The population of India, which currently ranks as the world’s 2nd most populous country with 1.3 billion inhabitants, is expected to surpass China's 1.4 billion by 2024; and Nigeria, which ranks 7th, is expected to replace the United States as the 3rd most populous country by 2050, according to a new report by the United Nations published on Wednesday.
The current world population of nearly 7.6 billion will increase to 8.6 billion by 2030, 9.8 billion in 2050 and 11.2 billion in 2100, said the report titled, “World Population Prospects: The 2017 Revision.” Published by the Department of Economic and Social Affairs' Population Division, the study said the growth will be spurred by the relatively high levels of fertility in developing countries – despite an overall drop in the number of children people have around the globe. Roughly 83 million people are added to the world's population every year and the upward trend is expected to continue even with a continuing decline in fertility rates, which have fallen steadily since the 1960s.

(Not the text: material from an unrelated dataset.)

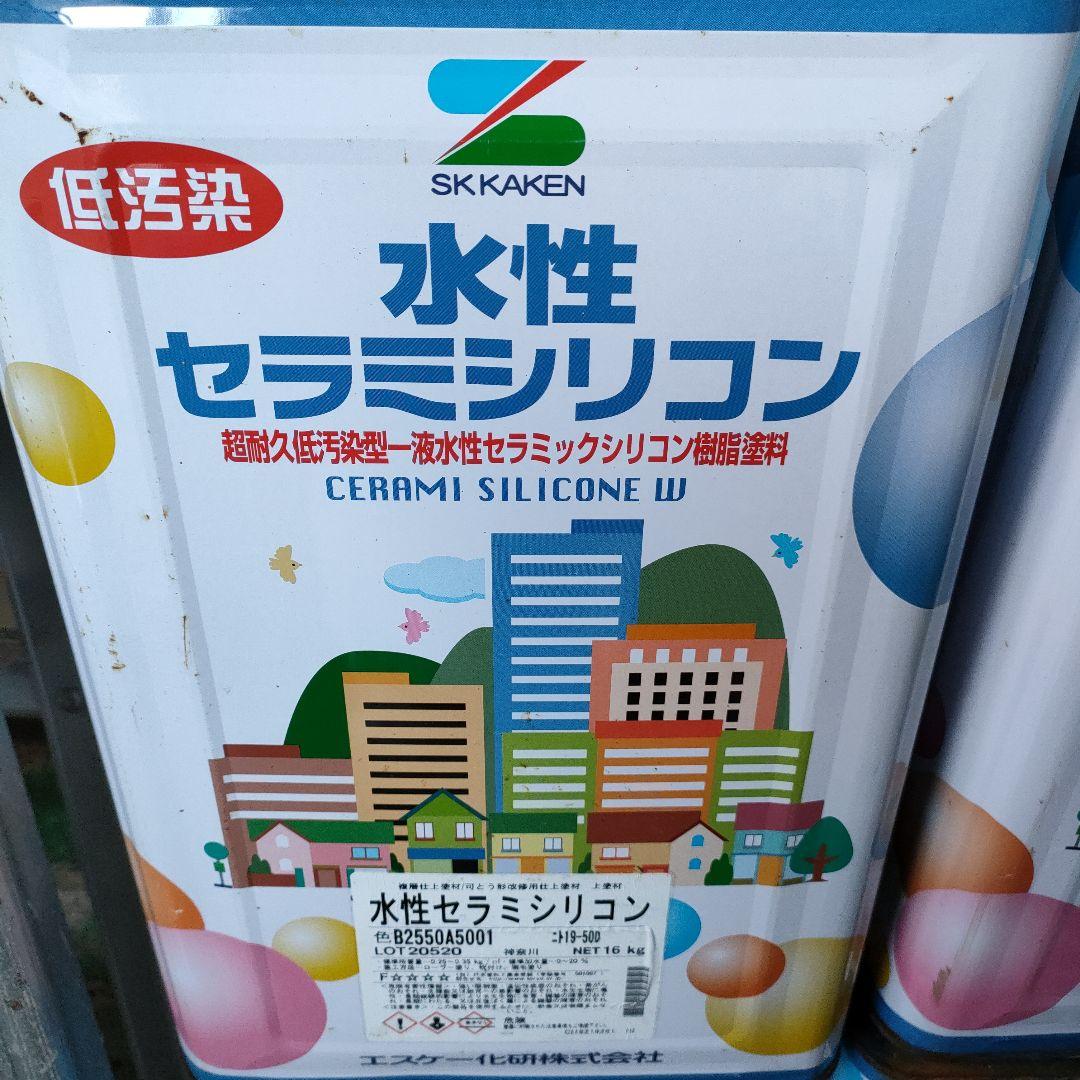 水性セラミシリコン 19-50D ５缶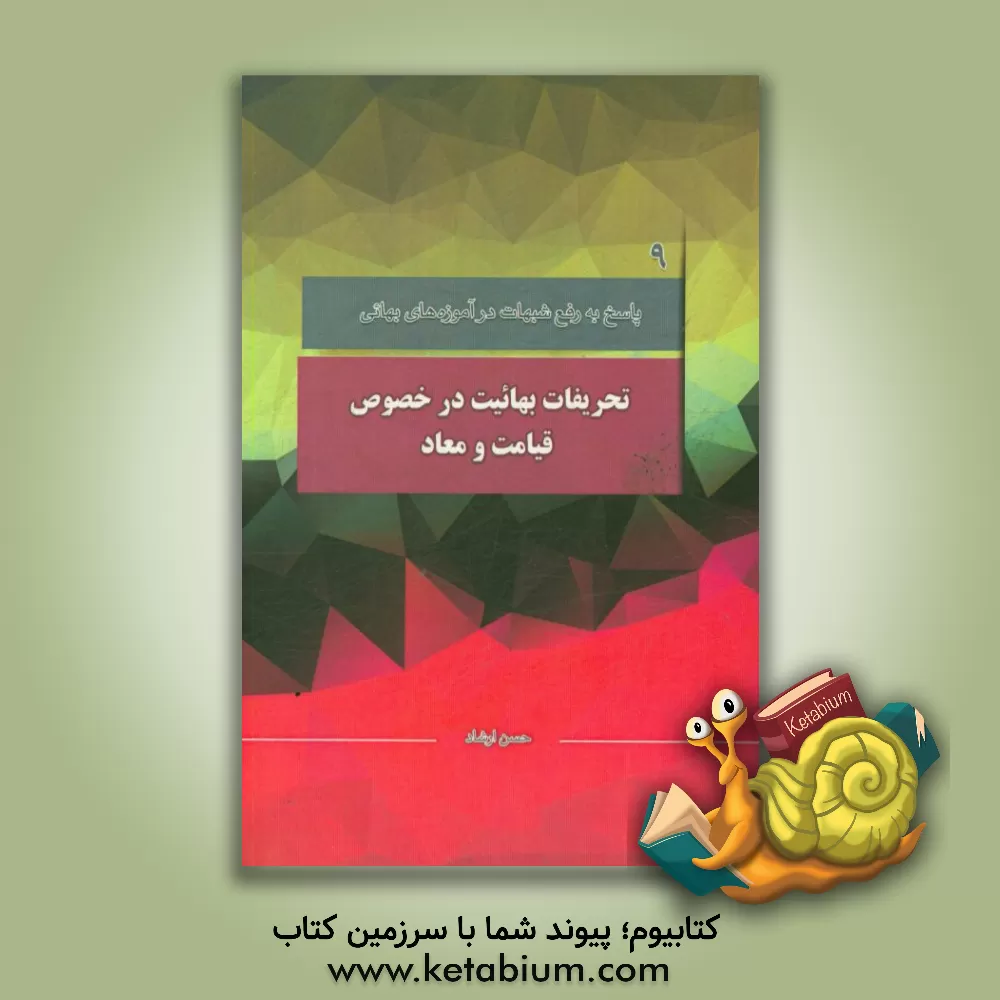 کتاب پاسخ به شبهات: تحریفات بهائیت در خصوص قیامت و معاد: با محوریت موضوعات مطرح شده در کانال رفع شبهات، سوال دوازدهم اثر حسن ارشاد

John Wilmoth, director of the Population Division, said that the report includes information on the populations of 233 countries or areas of the world. `The population in Africa is notable for its rapid rate of growth, and it is anticipated that over half of global population growth between now and 2050 will take place in that region,'' he said at a news conference at the UN in New York, June 21. “At the other extreme, it is expected that the population of Europe will, in fact, decline somewhat in the coming decades,'' he said
The U.N. agency forecasts that from now through 2050 half the world's population growth will be concentrated in just nine countries - India, Nigeria, Congo, Pakistan, Ethiopia, Tanzania, United States, Uganda and Indonesia. Those nations are listed in the order of their ``expected contribution to total growth,'' the report said. During the same period, it added, the populations of 26 African countries are expected to at least double.
Declining fertility rates
The report said fertility has been declining in nearly all regions in recent years. Between 2010 and 2015, Wilmoth said, ``the world's women had 2 1/2 births per woman over a lifetime - but this number varies widely around the world.'' “Europe has the lowest fertility level, estimated at 1.6 births per woman in the most recent period, while Africa has the highest fertility, with around 4.7 births per woman,'' he said. More and more countries now have fertility rates below the level of roughly 2.1 births per woman needed to replace the current generation, the report said. During the 2010-2015 period, fertility was below the replacement level in 83 countries comprising 46 percent of the world's population, it said. The 10 most populous countries with low fertility levels are China, United States, Brazil, Russia, Japan, Vietnam, Germany, Iran, Thailand and United Kingdom, the report said.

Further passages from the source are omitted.